The Tarot consists of 78 cards divided into two decks, the Major and Minor Arcana- the latter consisting of four suits of 54 cards, a forerunner to the familiar playing cards. The former deck, consisting of 22 images, named and numbered from 0-21 are as mysterious as the origins of Tarot itself. The cards may have first emerged in medieval Europe- the Marseilles Tarot survived for hundreds of years without a verbal script and first appeared in Europe in the 1500s. The Rider-Waite card, most familiar to us in the English-speaking world was created in London in the early 1900s. Tarot’s teachings, however, both timeless and timely, are believed to predate such medieval origins. Gypsies are probably the people most readily associated with Tarot. Who has not seen a movie in which, after ‘crossing her palm with silver’ the gypsy will foretell what the future has yet to unfold?

It is suggested that the forebears of the Romani people carried and dispersed the wisdom of the ancient Egyptian mysteries schools through the prognosticative use of these cards. Is the similarity in the root of the words ‘gypsy’ and ‘Egypt’ a clue to this tie? Wherever these cards originate, their mythic themes are universal. Contemporary media use the cards of the Major Arcana as a recognizable symbol of the mystical, triggering different emotional responses, ranging from fascination to fear. Trepidation, in its diverse guises, has kept many from working with these intriguing illustrations. For those who assume only a literal reading of the cards, there is the dread of drawing the ‘Death’ card-especially one illustrated with an armor-clad skeleton, mounted on a horse, trampling bodies beneath its feet. This illustration in the Rider-Waite deck may have been an appropriate symbol of medieval turmoil that now, like the rest of the cards, begs reconsideration. For Jews, Tarot may seem unwelcoming with its strange imagery of ‘The Devil,’ ‘The Hierophant’ and ‘The Hanging Man’-all unfamiliar to Jewish sensibilities.

Just as the origins of the cards, and the Major Arcana in particular, seem obscure, so the teachings of kabbalah were hidden for centuries. To survive the brutal and destructive power of the prevailing medieval church consciousness of earlier centuries, any association, interest or affiliation with an intuitive wisdom tradition, by necessity, needed to be unequivocally broken and forbidden. So horrendous were the consequences of even the slightest suspicion of any such association just a few hundred years ago, that still today, a deep-seated fear of the mystical causes many to approach its tantalizing possibilities with great trepidation. With the dawning of a new era, as human consciousness spirals into ever-broadening dimensions and possibilities, mystical teachings are re-emerging and tentatively finding ready audiences who wish to rediscover and remember, as they free themselves of the shackles of past fears.

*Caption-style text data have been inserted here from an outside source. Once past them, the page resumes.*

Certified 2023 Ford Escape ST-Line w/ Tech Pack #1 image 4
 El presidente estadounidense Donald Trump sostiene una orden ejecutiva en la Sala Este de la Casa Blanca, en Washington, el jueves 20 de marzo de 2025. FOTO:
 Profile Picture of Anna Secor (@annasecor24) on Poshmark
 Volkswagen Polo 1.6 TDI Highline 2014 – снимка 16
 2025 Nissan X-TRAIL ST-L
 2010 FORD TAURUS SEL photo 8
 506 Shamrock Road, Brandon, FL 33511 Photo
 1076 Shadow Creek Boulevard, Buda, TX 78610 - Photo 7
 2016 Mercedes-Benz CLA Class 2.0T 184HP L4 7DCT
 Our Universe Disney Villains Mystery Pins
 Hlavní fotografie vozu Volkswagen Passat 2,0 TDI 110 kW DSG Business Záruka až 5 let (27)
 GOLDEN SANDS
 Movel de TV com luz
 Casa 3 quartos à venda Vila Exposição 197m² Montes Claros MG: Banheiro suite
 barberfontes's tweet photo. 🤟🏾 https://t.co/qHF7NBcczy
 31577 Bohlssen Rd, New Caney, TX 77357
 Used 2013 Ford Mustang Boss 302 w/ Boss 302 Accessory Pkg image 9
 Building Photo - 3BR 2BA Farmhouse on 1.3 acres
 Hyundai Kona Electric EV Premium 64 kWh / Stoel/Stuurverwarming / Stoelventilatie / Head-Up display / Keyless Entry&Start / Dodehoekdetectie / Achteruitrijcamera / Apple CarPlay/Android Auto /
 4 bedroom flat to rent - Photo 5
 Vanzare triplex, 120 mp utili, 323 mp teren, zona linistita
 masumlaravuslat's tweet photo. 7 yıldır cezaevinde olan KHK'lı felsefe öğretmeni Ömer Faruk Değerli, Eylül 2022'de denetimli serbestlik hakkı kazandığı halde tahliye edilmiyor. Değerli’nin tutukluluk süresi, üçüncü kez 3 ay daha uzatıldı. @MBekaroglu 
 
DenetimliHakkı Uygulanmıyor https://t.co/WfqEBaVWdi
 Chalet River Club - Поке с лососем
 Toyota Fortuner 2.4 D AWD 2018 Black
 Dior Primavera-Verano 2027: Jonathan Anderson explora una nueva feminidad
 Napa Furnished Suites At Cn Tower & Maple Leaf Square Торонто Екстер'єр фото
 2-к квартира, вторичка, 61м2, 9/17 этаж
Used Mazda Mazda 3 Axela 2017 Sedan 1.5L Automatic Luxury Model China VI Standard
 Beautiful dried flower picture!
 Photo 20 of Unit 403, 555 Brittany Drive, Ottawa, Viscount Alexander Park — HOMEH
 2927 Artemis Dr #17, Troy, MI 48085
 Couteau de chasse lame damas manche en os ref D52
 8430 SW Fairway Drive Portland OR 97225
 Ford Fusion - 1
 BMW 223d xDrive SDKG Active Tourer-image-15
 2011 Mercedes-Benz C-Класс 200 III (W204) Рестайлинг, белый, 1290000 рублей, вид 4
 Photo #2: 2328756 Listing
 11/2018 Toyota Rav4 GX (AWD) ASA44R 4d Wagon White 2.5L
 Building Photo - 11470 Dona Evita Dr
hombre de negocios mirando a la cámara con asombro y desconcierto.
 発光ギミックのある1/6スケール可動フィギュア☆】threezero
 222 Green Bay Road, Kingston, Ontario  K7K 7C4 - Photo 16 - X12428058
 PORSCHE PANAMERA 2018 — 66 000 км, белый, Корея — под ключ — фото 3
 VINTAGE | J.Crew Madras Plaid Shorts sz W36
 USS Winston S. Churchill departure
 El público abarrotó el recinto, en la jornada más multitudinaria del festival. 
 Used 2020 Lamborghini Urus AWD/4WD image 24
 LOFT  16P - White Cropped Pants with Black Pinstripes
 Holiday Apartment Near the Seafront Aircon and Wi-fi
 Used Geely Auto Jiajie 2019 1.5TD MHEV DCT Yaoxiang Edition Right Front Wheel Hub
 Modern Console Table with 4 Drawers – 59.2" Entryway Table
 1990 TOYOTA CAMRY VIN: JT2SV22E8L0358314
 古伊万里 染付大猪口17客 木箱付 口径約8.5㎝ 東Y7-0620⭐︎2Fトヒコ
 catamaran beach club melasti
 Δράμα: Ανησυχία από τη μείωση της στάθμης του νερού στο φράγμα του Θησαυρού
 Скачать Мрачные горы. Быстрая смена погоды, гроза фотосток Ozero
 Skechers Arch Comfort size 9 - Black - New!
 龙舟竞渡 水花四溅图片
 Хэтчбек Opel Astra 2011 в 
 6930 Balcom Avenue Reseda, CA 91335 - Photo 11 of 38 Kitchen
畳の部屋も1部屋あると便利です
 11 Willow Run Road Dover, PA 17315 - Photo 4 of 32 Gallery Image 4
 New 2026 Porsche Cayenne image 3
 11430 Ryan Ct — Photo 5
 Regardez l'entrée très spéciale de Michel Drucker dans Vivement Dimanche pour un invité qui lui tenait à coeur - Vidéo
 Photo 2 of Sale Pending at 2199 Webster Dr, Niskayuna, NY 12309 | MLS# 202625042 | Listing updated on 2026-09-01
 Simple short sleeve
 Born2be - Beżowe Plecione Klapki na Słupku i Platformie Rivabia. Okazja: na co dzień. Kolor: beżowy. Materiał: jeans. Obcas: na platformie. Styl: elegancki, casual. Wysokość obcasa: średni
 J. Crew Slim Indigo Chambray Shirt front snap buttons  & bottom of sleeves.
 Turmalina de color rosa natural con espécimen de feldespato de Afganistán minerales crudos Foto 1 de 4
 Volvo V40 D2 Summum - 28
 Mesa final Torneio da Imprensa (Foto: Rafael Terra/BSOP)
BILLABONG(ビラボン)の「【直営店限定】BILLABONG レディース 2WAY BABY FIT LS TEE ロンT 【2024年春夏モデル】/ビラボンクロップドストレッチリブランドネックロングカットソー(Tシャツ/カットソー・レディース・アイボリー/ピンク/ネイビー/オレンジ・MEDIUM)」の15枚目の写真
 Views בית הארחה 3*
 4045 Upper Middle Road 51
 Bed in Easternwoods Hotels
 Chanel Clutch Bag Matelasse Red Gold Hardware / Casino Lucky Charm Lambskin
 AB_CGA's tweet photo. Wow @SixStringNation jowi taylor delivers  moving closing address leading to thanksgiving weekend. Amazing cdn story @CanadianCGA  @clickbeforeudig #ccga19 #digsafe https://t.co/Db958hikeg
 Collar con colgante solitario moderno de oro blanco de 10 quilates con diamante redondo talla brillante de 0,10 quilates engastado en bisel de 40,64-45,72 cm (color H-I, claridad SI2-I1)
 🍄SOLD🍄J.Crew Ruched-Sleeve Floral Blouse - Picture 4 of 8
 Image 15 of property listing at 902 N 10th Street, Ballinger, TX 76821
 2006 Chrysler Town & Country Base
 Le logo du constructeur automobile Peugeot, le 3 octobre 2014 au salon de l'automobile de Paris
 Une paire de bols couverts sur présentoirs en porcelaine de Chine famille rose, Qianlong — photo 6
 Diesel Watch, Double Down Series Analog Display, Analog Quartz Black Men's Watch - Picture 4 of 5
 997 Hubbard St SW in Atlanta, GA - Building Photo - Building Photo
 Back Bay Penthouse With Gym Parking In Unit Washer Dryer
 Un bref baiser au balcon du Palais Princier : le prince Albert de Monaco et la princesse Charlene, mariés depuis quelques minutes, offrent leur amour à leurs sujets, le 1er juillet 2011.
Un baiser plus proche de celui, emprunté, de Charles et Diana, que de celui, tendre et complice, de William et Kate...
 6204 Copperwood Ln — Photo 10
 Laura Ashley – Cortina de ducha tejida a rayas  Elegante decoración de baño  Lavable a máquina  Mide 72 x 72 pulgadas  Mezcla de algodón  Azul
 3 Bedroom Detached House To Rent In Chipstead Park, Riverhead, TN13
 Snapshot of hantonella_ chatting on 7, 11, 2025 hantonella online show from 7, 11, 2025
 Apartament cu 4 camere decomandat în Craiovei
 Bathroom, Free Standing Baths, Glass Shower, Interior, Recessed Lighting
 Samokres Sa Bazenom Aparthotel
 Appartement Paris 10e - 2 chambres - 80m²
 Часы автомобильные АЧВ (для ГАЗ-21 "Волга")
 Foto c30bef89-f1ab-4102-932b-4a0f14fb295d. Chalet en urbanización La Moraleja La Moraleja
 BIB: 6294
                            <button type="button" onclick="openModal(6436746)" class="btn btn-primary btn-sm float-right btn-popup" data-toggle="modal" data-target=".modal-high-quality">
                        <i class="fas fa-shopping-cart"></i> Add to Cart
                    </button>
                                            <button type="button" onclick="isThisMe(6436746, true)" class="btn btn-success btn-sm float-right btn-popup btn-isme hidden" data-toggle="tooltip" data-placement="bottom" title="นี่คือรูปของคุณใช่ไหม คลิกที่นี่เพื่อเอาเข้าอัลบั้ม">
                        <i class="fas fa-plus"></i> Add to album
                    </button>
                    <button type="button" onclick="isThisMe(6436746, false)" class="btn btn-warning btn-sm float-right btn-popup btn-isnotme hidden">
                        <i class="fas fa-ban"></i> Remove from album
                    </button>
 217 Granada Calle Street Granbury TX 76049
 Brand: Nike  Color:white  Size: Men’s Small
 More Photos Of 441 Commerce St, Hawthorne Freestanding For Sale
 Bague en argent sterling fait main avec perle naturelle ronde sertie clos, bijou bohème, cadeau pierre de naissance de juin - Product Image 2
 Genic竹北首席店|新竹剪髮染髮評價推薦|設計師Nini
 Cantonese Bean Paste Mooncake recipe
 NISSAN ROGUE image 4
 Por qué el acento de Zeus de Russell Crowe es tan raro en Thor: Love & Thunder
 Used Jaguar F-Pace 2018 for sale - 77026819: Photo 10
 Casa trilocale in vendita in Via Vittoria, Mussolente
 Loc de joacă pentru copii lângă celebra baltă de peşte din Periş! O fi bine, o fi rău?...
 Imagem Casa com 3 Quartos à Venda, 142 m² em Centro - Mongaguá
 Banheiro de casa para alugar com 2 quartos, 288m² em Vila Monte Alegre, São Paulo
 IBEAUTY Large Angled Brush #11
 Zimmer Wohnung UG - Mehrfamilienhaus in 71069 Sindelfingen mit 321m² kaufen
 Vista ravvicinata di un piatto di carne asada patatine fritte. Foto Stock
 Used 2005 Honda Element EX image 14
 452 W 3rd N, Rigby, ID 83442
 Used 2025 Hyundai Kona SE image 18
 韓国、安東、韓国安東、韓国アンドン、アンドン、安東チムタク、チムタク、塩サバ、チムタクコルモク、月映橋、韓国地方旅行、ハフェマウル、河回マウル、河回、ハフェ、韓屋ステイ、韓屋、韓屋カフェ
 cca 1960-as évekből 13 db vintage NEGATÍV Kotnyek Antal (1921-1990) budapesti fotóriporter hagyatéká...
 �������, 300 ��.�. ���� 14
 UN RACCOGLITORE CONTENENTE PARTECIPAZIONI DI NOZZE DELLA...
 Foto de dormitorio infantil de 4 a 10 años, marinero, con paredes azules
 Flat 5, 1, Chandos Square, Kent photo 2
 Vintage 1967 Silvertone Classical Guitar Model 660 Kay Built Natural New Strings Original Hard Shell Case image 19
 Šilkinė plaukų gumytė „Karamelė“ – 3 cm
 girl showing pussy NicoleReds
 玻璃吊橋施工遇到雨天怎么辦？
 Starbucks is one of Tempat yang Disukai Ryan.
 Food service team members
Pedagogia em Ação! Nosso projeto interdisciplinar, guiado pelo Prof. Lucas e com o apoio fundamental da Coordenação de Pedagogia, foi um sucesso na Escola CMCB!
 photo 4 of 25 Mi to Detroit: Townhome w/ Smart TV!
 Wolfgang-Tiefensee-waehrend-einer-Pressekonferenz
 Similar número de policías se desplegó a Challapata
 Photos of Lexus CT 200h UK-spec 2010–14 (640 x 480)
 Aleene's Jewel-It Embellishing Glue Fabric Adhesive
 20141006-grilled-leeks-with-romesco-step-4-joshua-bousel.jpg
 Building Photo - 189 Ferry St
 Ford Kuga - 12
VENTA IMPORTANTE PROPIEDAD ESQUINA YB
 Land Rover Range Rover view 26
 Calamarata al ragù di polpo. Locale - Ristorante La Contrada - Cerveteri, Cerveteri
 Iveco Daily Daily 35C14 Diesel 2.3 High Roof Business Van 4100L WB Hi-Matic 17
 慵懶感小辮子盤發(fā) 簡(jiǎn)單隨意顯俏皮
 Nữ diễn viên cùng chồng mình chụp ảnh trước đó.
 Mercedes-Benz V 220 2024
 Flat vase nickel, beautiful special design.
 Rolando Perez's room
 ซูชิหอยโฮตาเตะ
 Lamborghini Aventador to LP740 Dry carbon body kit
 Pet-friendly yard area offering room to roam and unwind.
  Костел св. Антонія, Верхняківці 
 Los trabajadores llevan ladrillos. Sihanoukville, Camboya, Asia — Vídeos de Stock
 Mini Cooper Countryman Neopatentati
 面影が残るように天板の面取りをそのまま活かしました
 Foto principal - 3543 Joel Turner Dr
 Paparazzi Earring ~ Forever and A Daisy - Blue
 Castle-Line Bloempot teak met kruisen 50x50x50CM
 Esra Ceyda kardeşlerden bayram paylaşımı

So what happens when an open, universal approach to Torah, the Tree of Life and the Tarot are drawn together by a contemporary mystic in search of the Sacred Feminine? The Syzygy Oracle is born. Pronounced ‘scissor-gee’ this word was used by Jung to describe a balancing of the opposites while for astronomers, it applies to a certain repeating alignment of the sun, moon and earth. A perfect word it seems to describe a journey from the dark and mysterious unknown into the light of consciousness, an odyssey that takes us from ego to essence.